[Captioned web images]
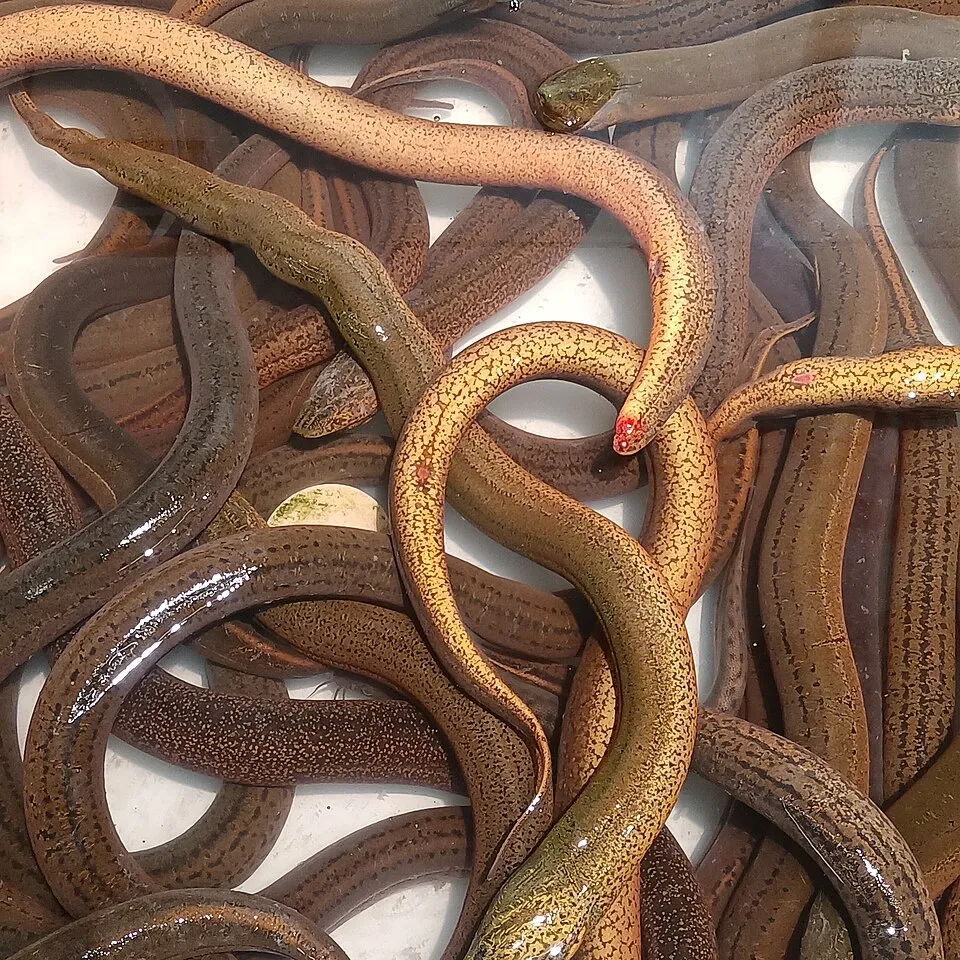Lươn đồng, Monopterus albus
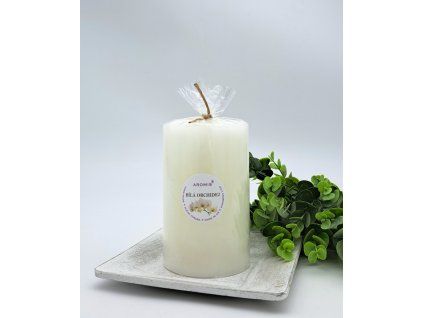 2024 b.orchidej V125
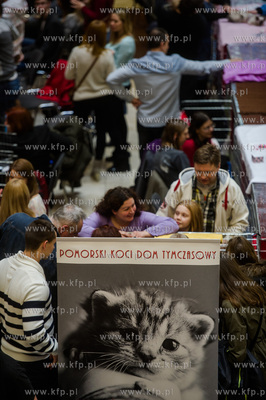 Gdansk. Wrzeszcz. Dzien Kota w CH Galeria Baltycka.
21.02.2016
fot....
==
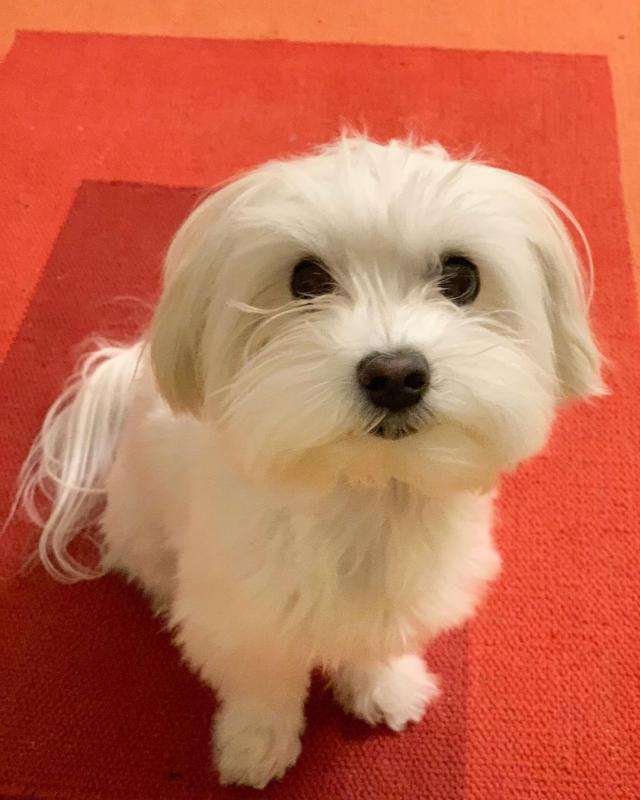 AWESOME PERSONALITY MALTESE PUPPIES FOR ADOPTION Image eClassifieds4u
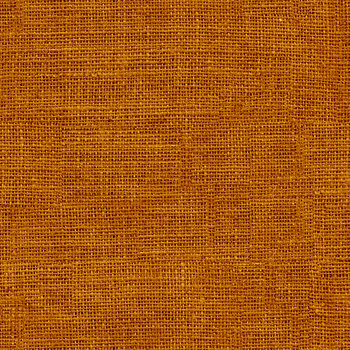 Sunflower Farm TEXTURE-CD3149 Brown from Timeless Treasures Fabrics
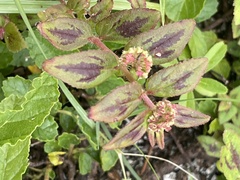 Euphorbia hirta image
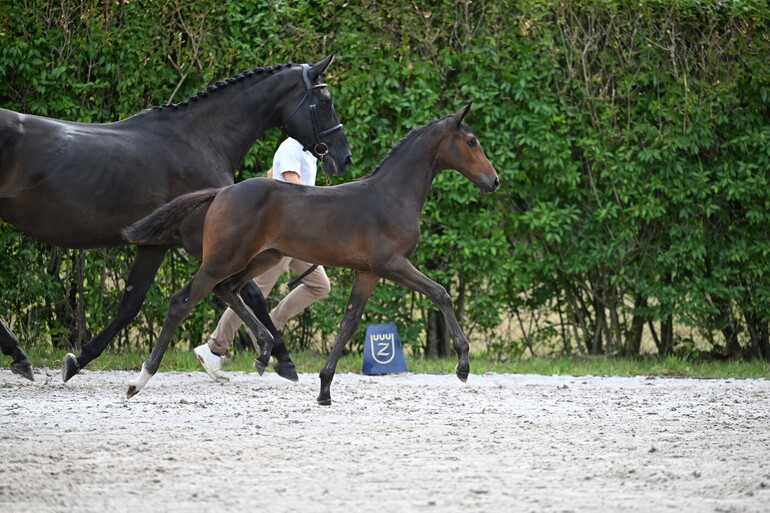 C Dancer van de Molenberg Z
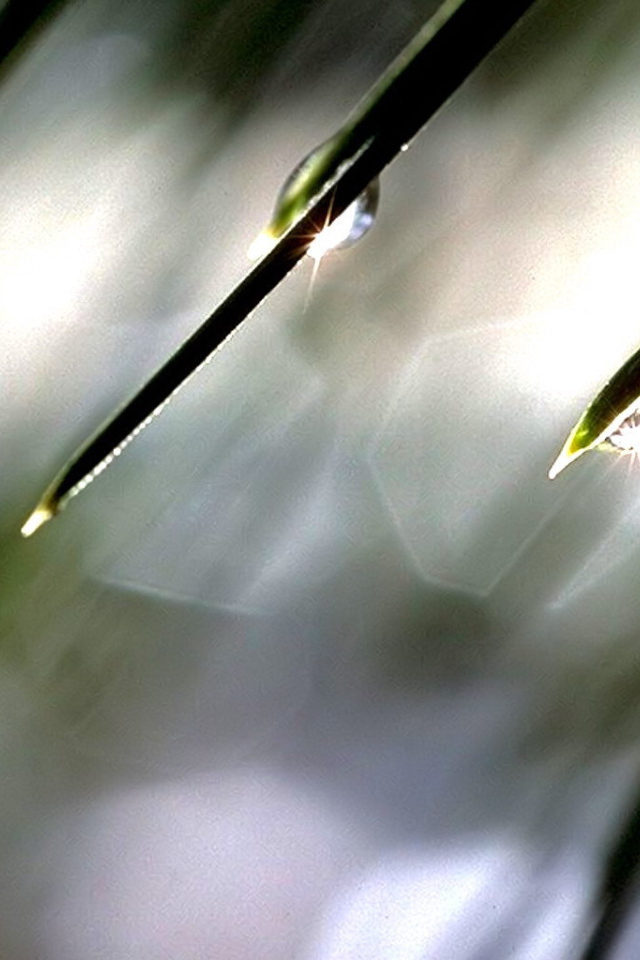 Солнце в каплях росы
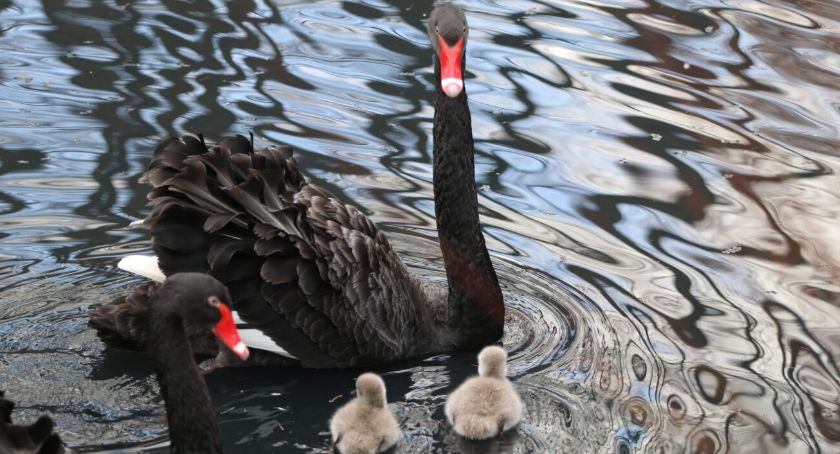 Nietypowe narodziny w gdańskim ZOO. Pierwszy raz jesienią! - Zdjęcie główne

Exercise requirements
Reproduce the data above exactly, but only from the line containing "Sunflower Farm TEXTURE-CD3149" through the line containing "Nietypowe narodziny w"; skip the pictures.

Response to this task
 Sunflower Farm TEXTURE-CD3149 Brown from Timeless Treasures Fabrics
 Euphorbia hirta image
 C Dancer van de Molenberg Z
 Солнце в каплях росы
 Nietypowe narodziny w gdańskim ZOO. Pierwszy raz jesienią! - Zdjęcie główne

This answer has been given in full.